_ASSIGNED TASK_. Print the data verbatim. Leave every image out.

_DATA BLOCK_.
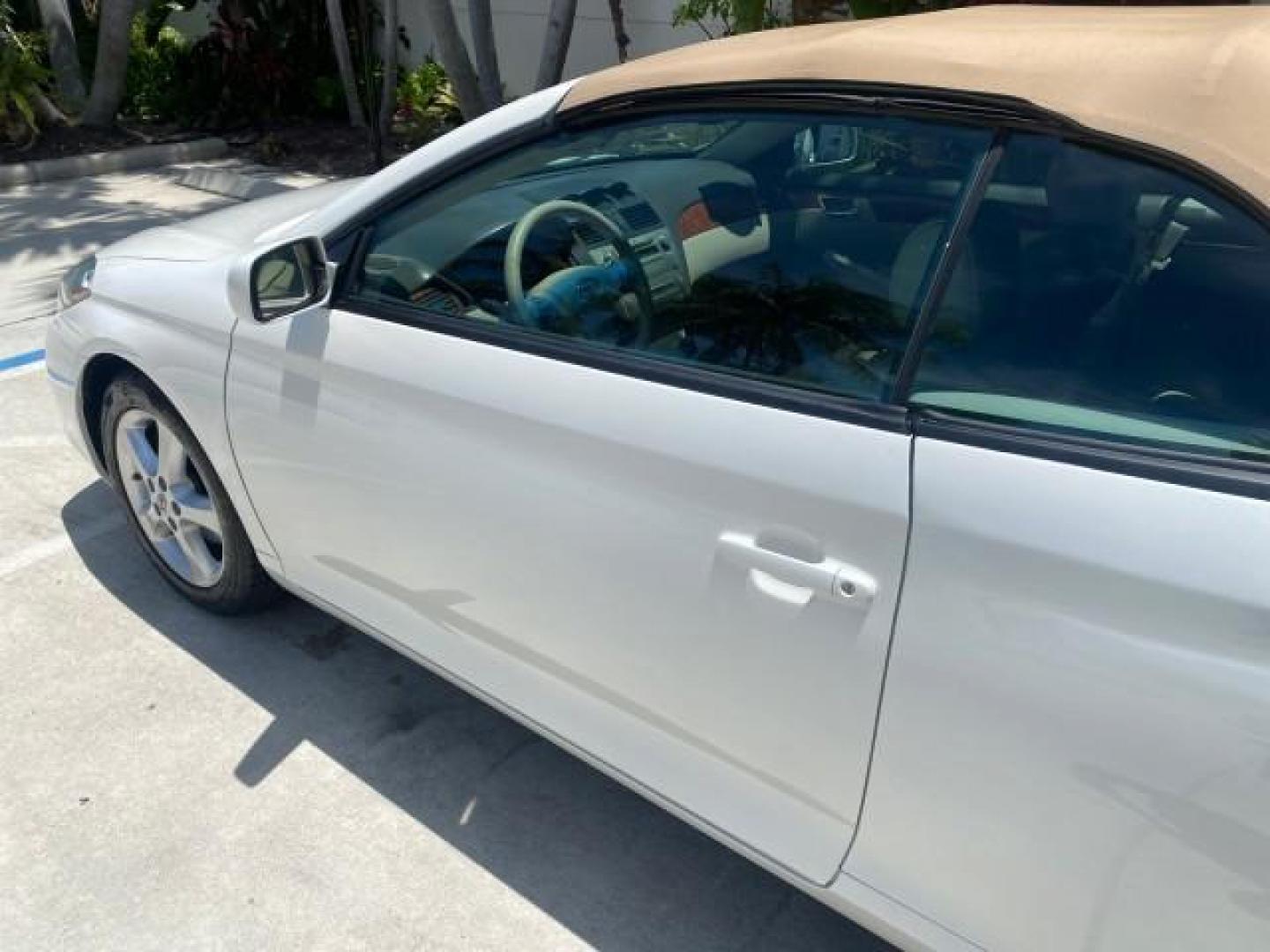 2008 Blizzard White Pearl /Ivory Toyota Camry Solara SLE LOW MILES 66,913 (4T1FA38P08U) with an 3.3L DOHC SMPI VVT-i 24-Valve V6 Engine engine, Automatic transmission, located at 4701 North Dixie Hwy, Pompano Beach, FL, 33064, (954) 422-2889, 26.240938, -80.123474 - OUR WEBPAGE FLORIDACARS1.COM HAS OVER 100 PHOTOS AND FREE CARFAX LINK 2008 TOYOTA CAMRY SOLARA SLE V6 PEARL WHITE IMMACULATE NONSMOKERS VIN: 4T1FA38P08U152807 4 T 1 F A 3 8 P 0 8 U 1 5 2 8 0 7 CONVERTIBLE 3.3L V6 F DOHC 24V 29MPG GASOLINE FRONT WHEEL DRIVE THE DASH HAS NO CRACKS LOOKS ALL ORIGINAL! - Photo#27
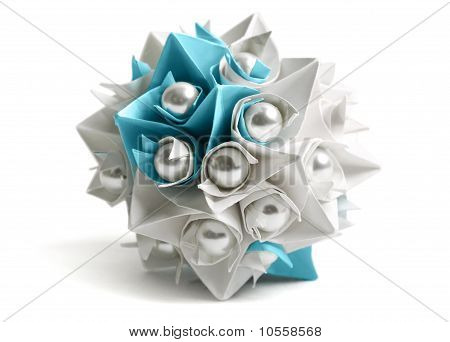 Palla Origami carta bianca e blu con perla, elemento di decoro, isolata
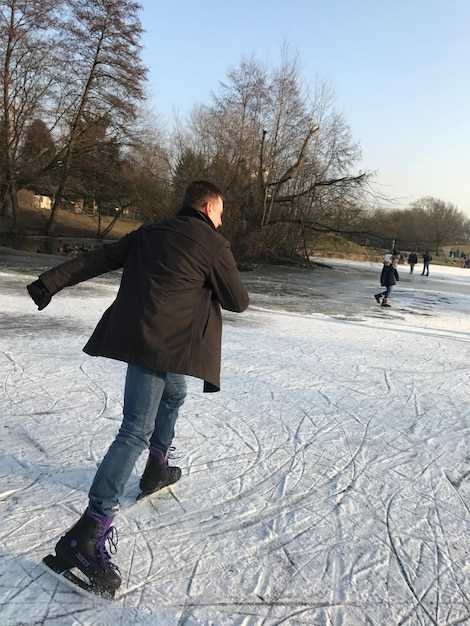 Where to Go Skating in Moscow – Top Ice-Skating Spots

_ANSWER SECTION_.
 2008 Blizzard White Pearl /Ivory Toyota Camry Solara SLE LOW MILES 66,913 (4T1FA38P08U) with an 3.3L DOHC SMPI VVT-i 24-Valve V6 Engine engine, Automatic transmission, located at 4701 North Dixie Hwy, Pompano Beach, FL, 33064, (954) 422-2889, 26.240938, -80.123474 - OUR WEBPAGE FLORIDACARS1.COM HAS OVER 100 PHOTOS AND FREE CARFAX LINK 2008 TOYOTA CAMRY SOLARA SLE V6 PEARL WHITE IMMACULATE NONSMOKERS VIN: 4T1FA38P08U152807 4 T 1 F A 3 8 P 0 8 U 1 5 2 8 0 7 CONVERTIBLE 3.3L V6 F DOHC 24V 29MPG GASOLINE FRONT WHEEL DRIVE THE DASH HAS NO CRACKS LOOKS ALL ORIGINAL! - Photo#27
 Palla Origami carta bianca e blu con perla, elemento di decoro, isolata
 Where to Go Skating in Moscow – Top Ice-Skating Spots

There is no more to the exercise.